Selain mahal HP pada masa itu juga tidak seramping sekarang, juga
fungsinya hanya untuk telfon dan SMS saja, berbeda dengan HP sekarang yang bisa
dikatakan sebagai gabungan dari bermacam benda dengan fungsi yang beragam sebut
saja komputer, kamera digital, radio, game player, mp3 player, bahkan sampai
peta dan beragam benda lainnya digabungkan menjadi satu dalam benda yang tidak
lagi bernama handphone namun sekarang sudah menjadi smartphone.

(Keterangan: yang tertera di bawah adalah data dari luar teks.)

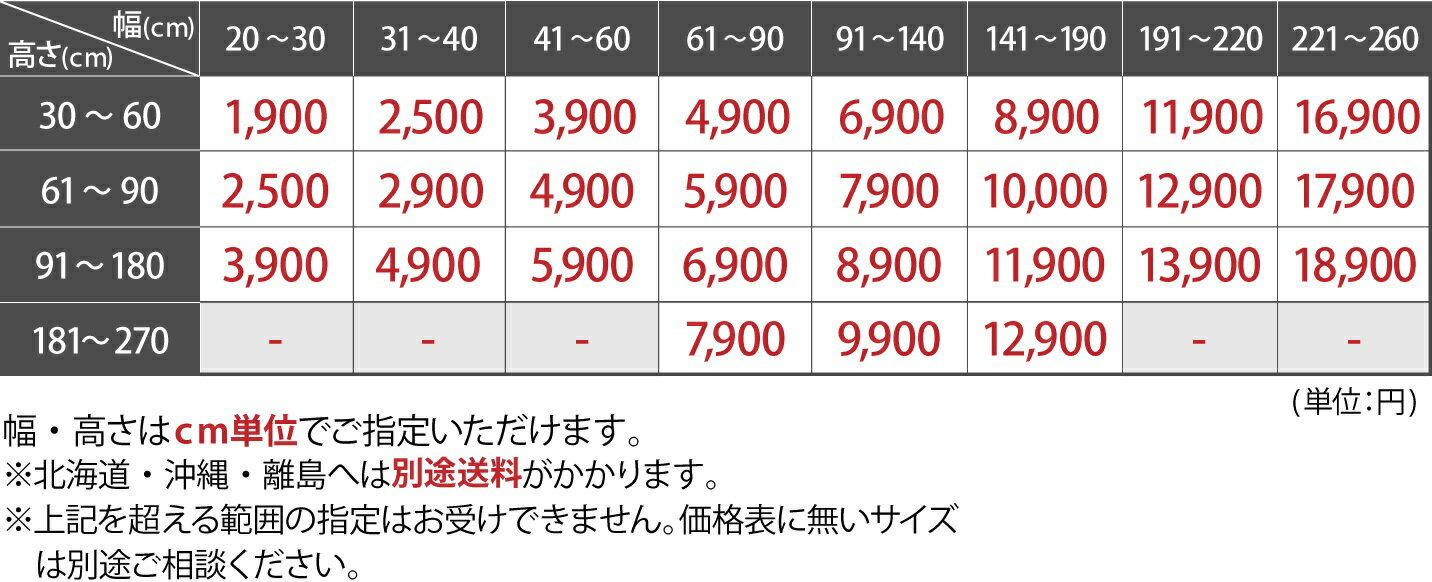 【最大5000円クーポン★スーパーセール】【 1cm単位サイズオーダー】 非遮光 ロールスクリーン 採光 オーダー ロールカーテン UVカットスクリーン オーダーロールスクリーン 部屋 目隠し めかくし 間仕切り 子供部屋 カーテン ファスト ネジ止めタイプ / オーダー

Revolusi dari HP jadul menjadi smartphone itu berlangsung dalam
jangka waktu yang relatif singkat, sehingga kita seperti tidak punya waktu
sejenak untuk memberikan edukasi kepada masyarakat khususnya anak-anak dan
remaja pengguna HP, handphone sudah tidak lagi menjadi barang mewah, hampir
semua lapisan masyarakat memilikinya, dari anak-anak hingga orang tua, bahkan terkadang
tidak cukup satu HP namun beberapa HP dikoleksi, bukan karena kebutuhan namun
hanya karena tuntunan mode.
Perlahan namun pasti HP atau smartphone menjadi candu yang
menjangkiti banyak orang, tanda-tandanya bisa kita lihat dengan mudah seperti ketika
orang lupa membawanya akan menjadi gelisah, kalau hilang akan langsung membeli
lagi, bila terjadi kerusakan akan segera diperbaiki, manusia menjadi benar-benar
tidak bisa lepas dari belenggu HP.
Keadaan ini menjadi lebih parah ketika menjangkiti anak-anak dan
remaja.
Keadaan emosi anak-anak dan remaja yang masih labil membuat
kecanduan terhadap HP menjadi semakin berbahaya, HP yang kecanggihan dan
kepraktisannya sudah melebihi komputer itu menjadi benda yang tidak bisa lepas
dari keseharian anak-anak remaja, sehingga dunia yang luas ini dipadatkan dan
dimampatkan kedalam layar kecil 3 – 5 inch, apa yang ada diluar sana hanya
diintip lewat layar ajaib itu.
Apalagi kini marak media sosial seperti Facebook, Twitter, BBM, dan
lain sebagainya yang menjadi bagian tak terpisahkan dari HP, media sosial itu
membuat ketercanduan terhadap HP menjadi lebih keras lagi, karena media sosial
itu kini menjadi ruang bagi eksistensi diri remaja.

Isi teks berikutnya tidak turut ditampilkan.